Web page caption snippets:
[Start of section]
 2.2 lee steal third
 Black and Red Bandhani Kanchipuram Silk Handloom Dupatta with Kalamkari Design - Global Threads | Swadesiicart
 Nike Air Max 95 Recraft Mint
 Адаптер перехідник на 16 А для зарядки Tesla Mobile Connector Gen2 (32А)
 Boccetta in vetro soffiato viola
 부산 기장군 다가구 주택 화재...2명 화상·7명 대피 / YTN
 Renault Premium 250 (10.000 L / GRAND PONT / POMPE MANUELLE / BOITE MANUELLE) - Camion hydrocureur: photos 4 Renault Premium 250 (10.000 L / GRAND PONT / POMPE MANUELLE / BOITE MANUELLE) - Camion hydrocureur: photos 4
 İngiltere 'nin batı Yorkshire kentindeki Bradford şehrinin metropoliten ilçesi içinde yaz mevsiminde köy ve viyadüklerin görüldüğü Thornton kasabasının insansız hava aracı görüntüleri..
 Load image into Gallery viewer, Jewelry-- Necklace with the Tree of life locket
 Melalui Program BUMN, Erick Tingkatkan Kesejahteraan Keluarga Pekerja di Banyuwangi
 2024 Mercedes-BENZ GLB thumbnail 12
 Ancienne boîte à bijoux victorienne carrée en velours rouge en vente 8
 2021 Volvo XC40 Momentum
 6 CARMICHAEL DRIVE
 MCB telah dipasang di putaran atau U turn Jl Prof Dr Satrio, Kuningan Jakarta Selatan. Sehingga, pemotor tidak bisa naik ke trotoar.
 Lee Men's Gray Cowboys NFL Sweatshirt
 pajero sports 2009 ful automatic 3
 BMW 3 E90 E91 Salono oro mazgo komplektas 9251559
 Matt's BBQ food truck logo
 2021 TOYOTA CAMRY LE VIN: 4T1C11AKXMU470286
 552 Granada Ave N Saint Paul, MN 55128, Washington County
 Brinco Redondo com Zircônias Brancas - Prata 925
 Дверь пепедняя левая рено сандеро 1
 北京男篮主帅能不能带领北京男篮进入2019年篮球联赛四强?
[End of section]
Copy out each line of the data in which the word "with" appears.

 Black and Red Bandhani Kanchipuram Silk Handloom Dupatta with Kalamkari Design - Global Threads | Swadesiicart
 Load image into Gallery viewer, Jewelry-- Necklace with the Tree of life locket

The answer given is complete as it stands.